Original topic: tikv gc

| username: Holland

【TiDB Usage Environment】Production, Testing, Research
【TiDB Version】
【Encountered Problem】
There are 200,000 writes and 200,000 updates daily, with a data volume of 1TB. The query QPS is 2000. If the KV GC is set to 24 hours and 30 days, how much additional storage is needed respectively? Assume each write is 1k.
【Reproduction Path】What operations were performed to encounter the problem
【Problem Phenomenon and Impact】

【Attachments】

Please provide the version information of each component, such as cdc/tikv, which can be obtained by executing cdc version/tikv-server --version.

| username: xfworld | Original post link

You can try setting up an environment yourself. There will definitely be a difference between the physical storage size and the logical storage size.

| username: Holland | Original post link

How about giving an approximate estimate?

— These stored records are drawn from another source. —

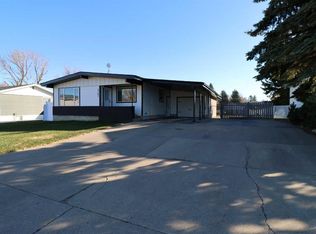5707 W 50th St, Taber, AB T1G1K6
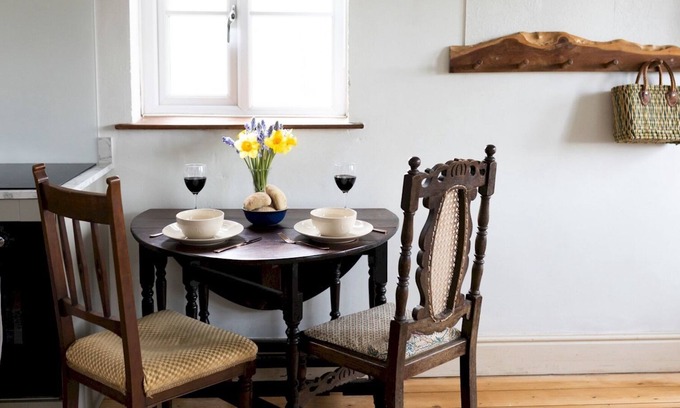 Pentrefelin Casa | Pass the Keys | Y Beudy, Glanddu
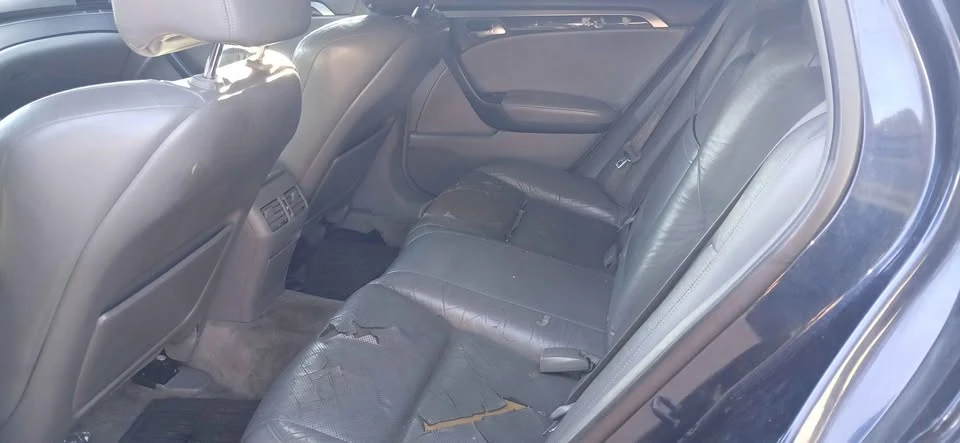 2005 Acura TL 3rd Gen - Image 4 of 4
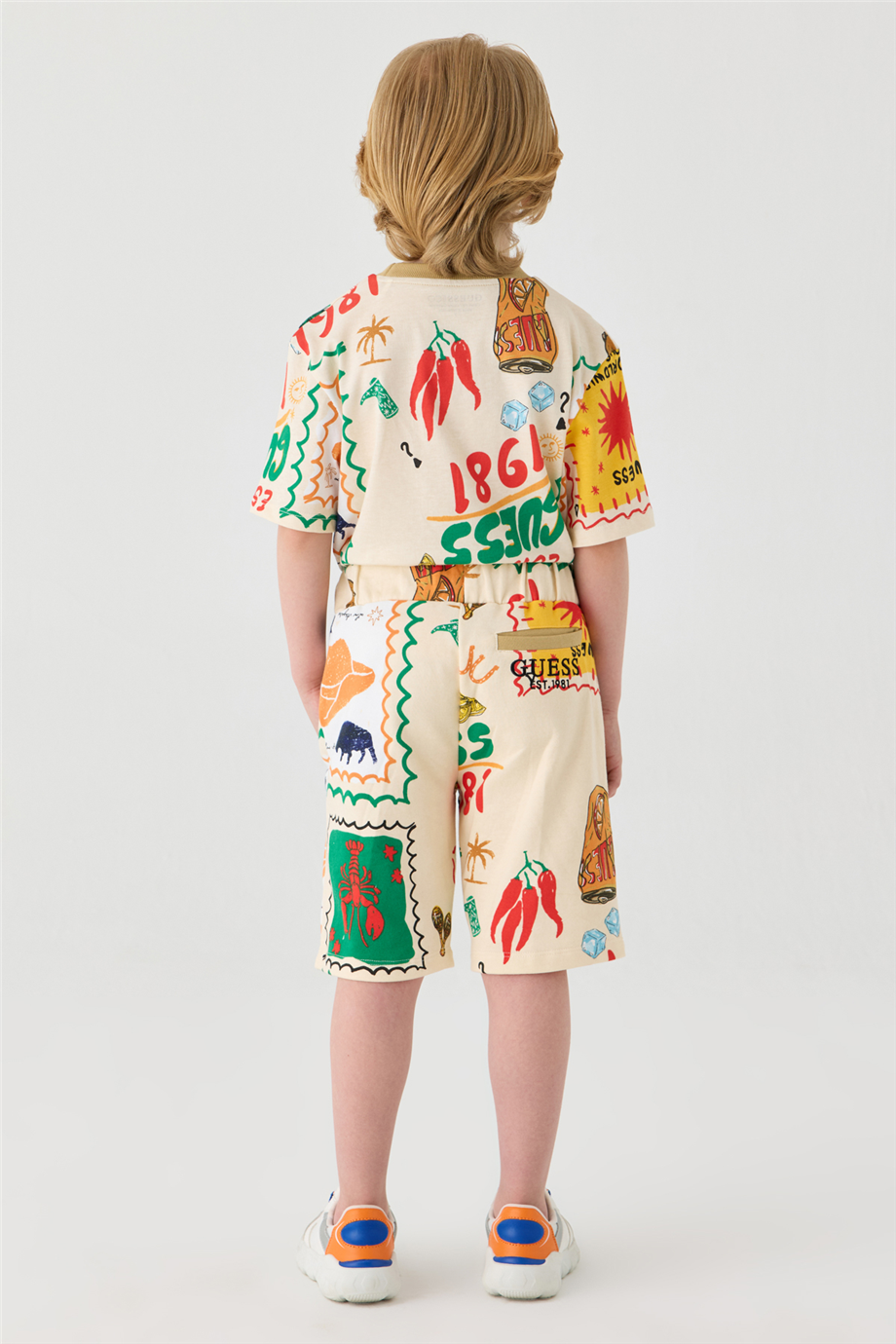 Guess Erkek Çocuk Desenli ŞortGuess Erkek Çocuk Desenli Şort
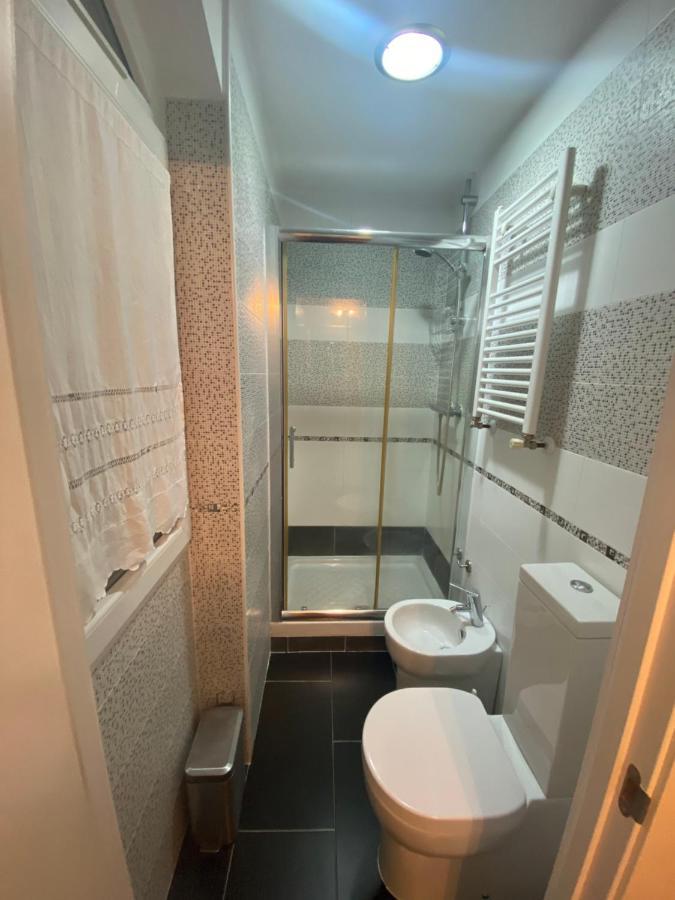 De Frente A 4 Torres, Habitacion Con Bano Hotel Madrid Exterior photo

| username: TiDBer_jYQINSnf | Original post link

If you don’t use GC, updates are treated as inserts. The data volume is hard to estimate, and the underlying layer is RocksDB, where data will be compressed. Moreover, it’s not recommended to change the GC to 30 days. Assuming one KV is updated once a day, there will be 30 versions in 30 days. Each time you scan the data, it will be very laborious, checking one KV after another. How slow would that be?